Short web captions:
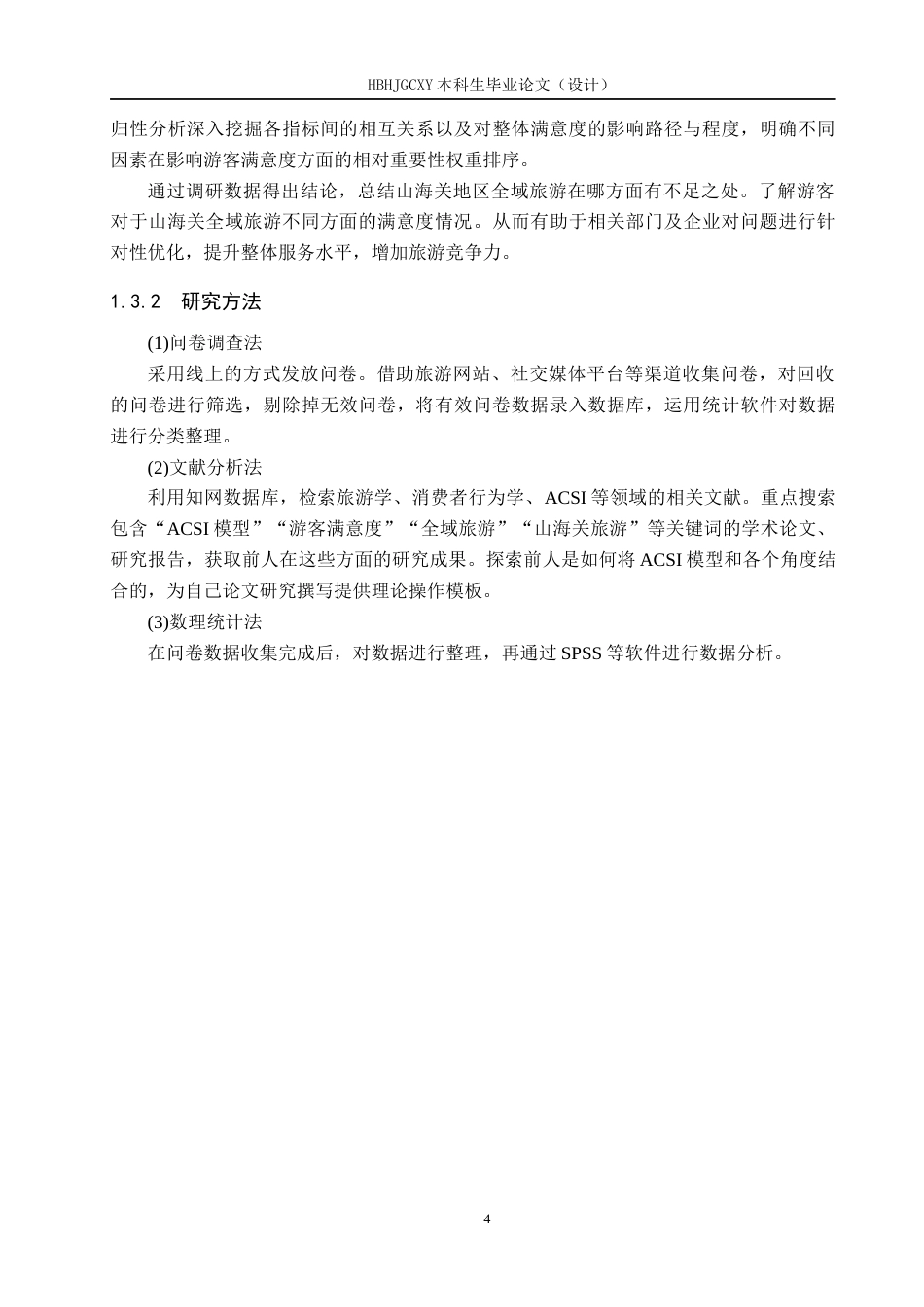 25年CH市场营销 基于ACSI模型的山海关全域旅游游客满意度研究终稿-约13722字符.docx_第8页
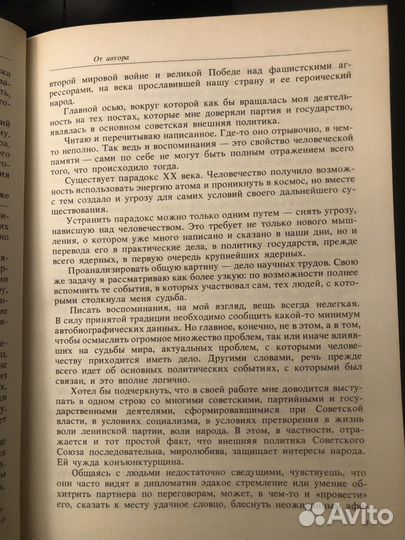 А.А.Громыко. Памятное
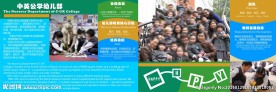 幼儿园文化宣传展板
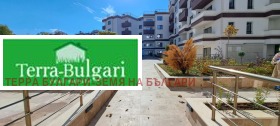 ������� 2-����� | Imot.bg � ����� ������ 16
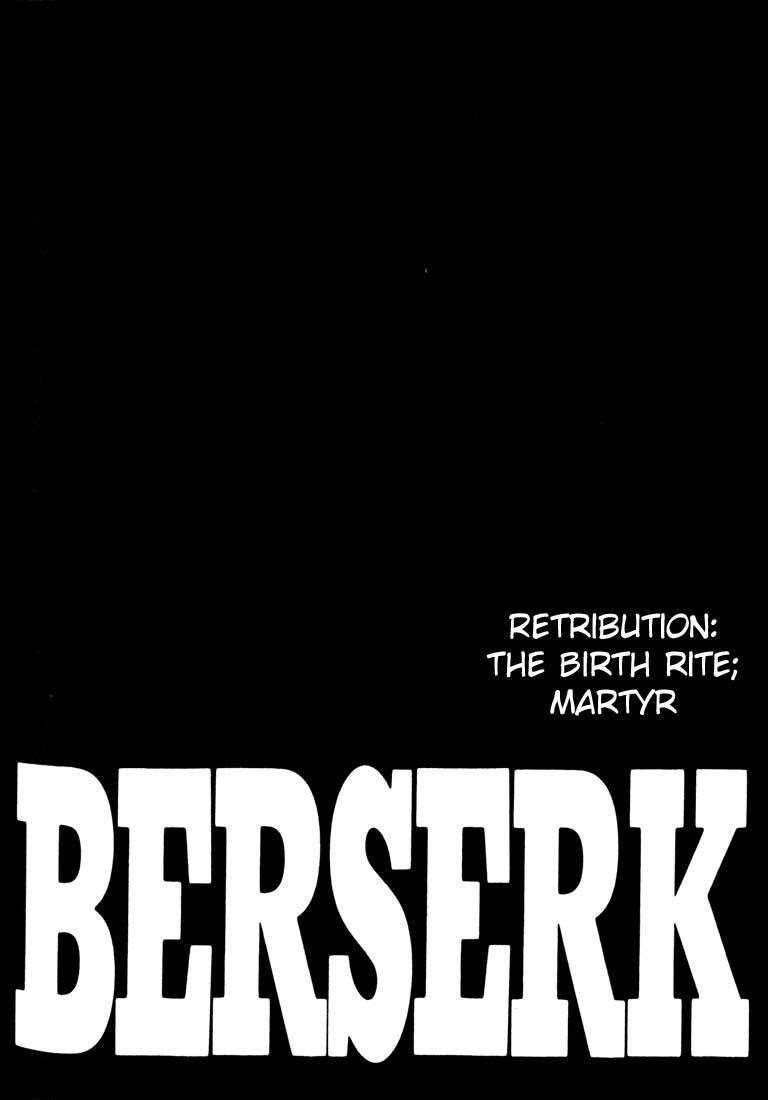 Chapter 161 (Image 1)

DIRECTIONS: Return all the records above exactly, pictures omitted.

FINISHED TASK:
 25年CH市场营销 基于ACSI模型的山海关全域旅游游客满意度研究终稿-约13722字符.docx_第8页
 А.А.Громыко. Памятное
 幼儿园文化宣传展板
 ������� 2-����� | Imot.bg � ����� ������ 16
 Chapter 161 (Image 1)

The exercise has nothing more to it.